• **DATA TO USE**:
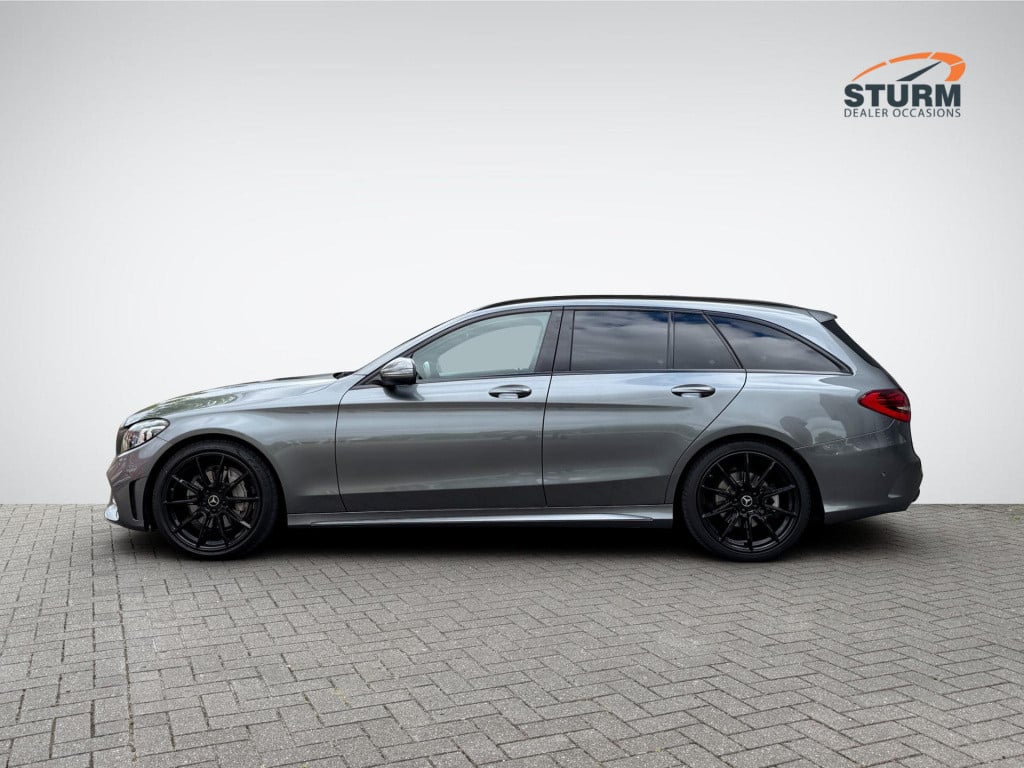 Mercedes-Benz C-Klasse estate 180 business solution amg plus upgrade editio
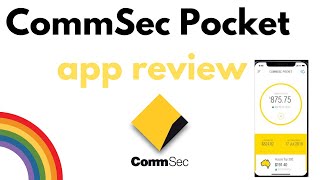 🏦CommSec Pocket App Review  2 Brokerage [upl. by Fay]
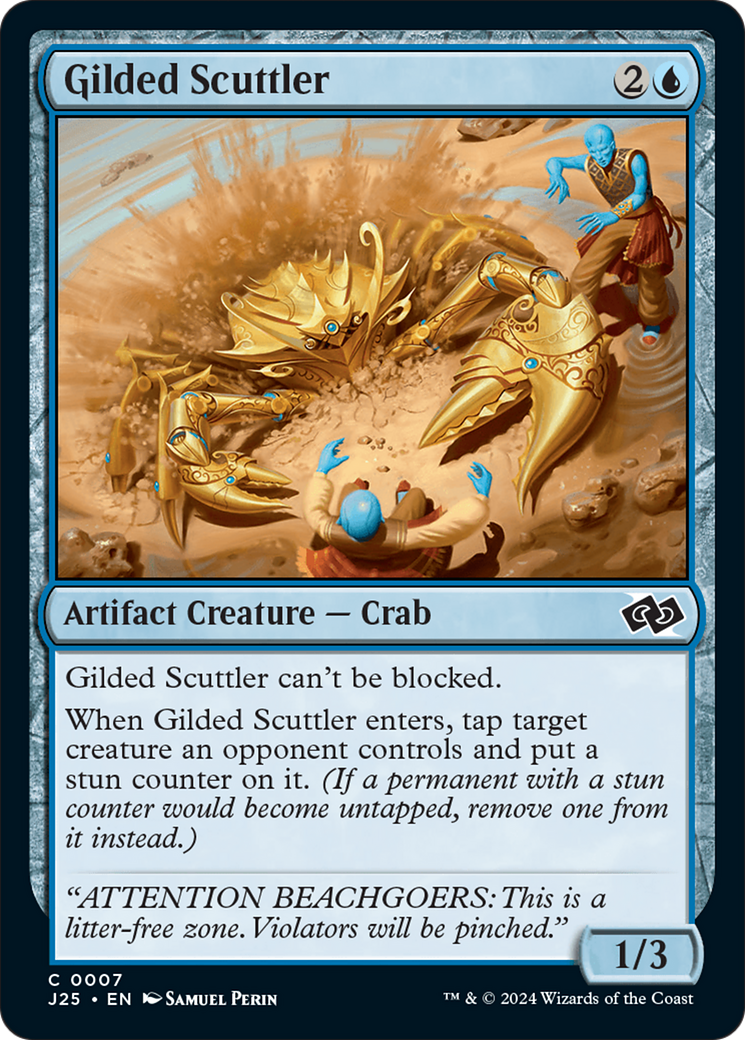 Gilded Scuttler [Foundations Jumpstart] | Pegasus Games WI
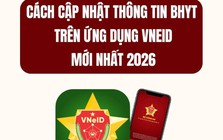 Cách cập nhật thông tin thẻ BHYT trên ứng dụng VNeID mới nhất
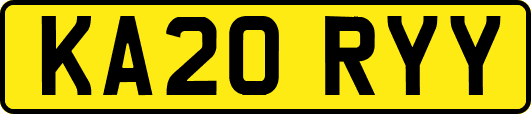 KA20RYY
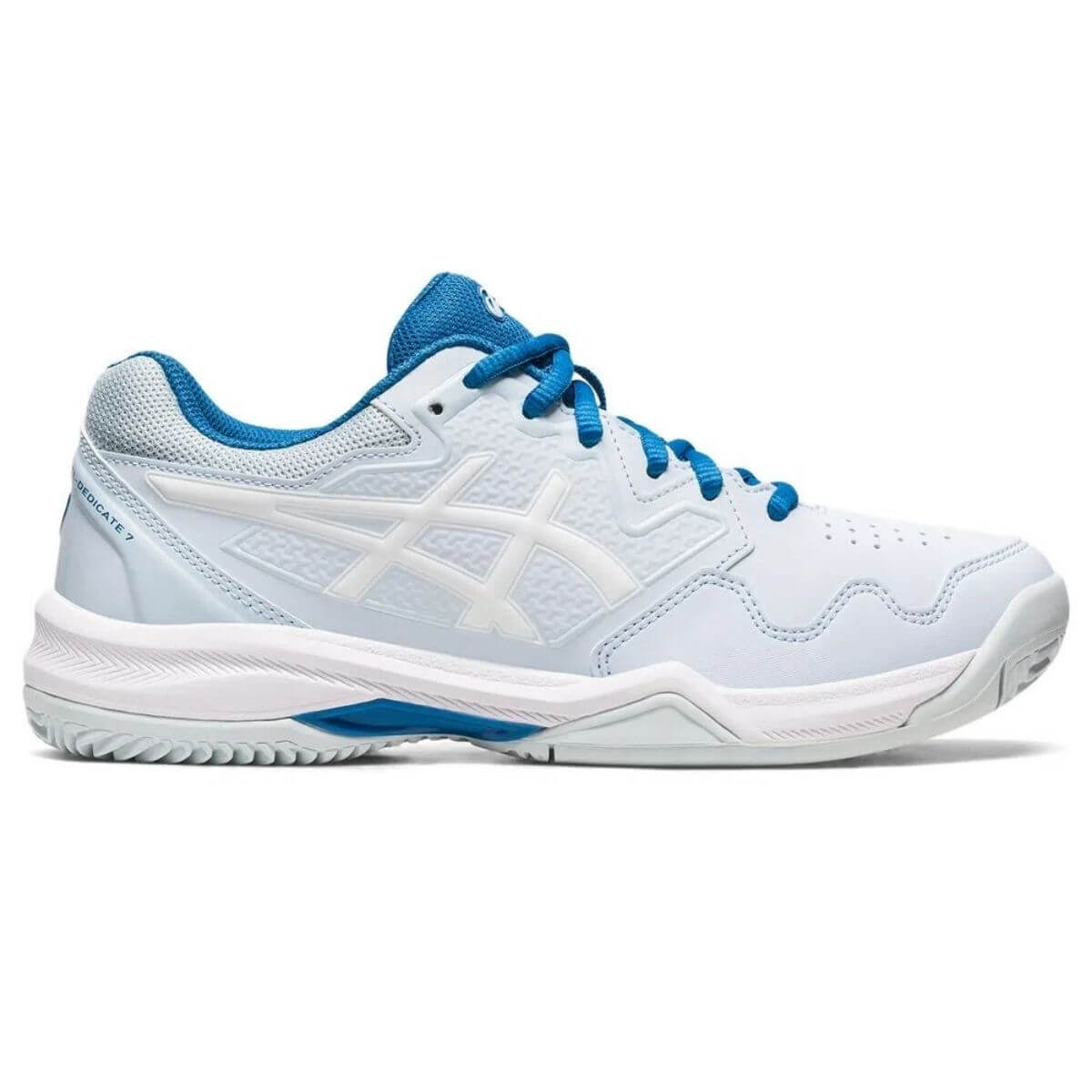 Zapatilla Asics Mujer Gel Dedicate 7 Clay Sky White - Sur SportsZapatillas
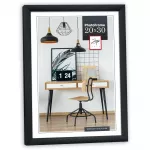 ZEP New Easy Black 20x25 cm Plastic Picture Frame KB12
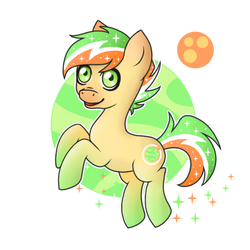 Green Planet Pony Commission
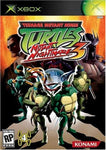 Teenage Mutant Ninja Turtles 3 Mutant Nightmare Xbox Used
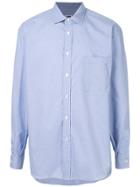 H Beauty & Youth Long Sleeved Shirt - Blue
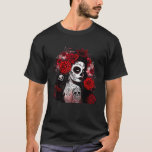 Dia De Los Muertos Mexican Day of the Dead Sugar S T Shirt<br><div class="desc">Dia De Los Muertos Mexican Day of the Dead Sugar Skull Women</div>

• **EXERCISE DETAILS**: Write out an exact copy of the listing, first line through the line containing "H Beauty & Youth Long Sleeved Shirt - Blue", with the pictures left out.

• **ANSWER TO THIS PROBLEM**:
 Mercedes-Benz C-Klasse estate 180 business solution amg plus upgrade editio
 🏦CommSec Pocket App Review  2 Brokerage [upl. by Fay]
 Gilded Scuttler [Foundations Jumpstart] | Pegasus Games WI
 Cách cập nhật thông tin thẻ BHYT trên ứng dụng VNeID mới nhất
 KA20RYY
 Zapatilla Asics Mujer Gel Dedicate 7 Clay Sky White - Sur SportsZapatillas
 ZEP New Easy Black 20x25 cm Plastic Picture Frame KB12
 Green Planet Pony Commission
 Teenage Mutant Ninja Turtles 3 Mutant Nightmare Xbox Used
 H Beauty & Youth Long Sleeved Shirt - Blue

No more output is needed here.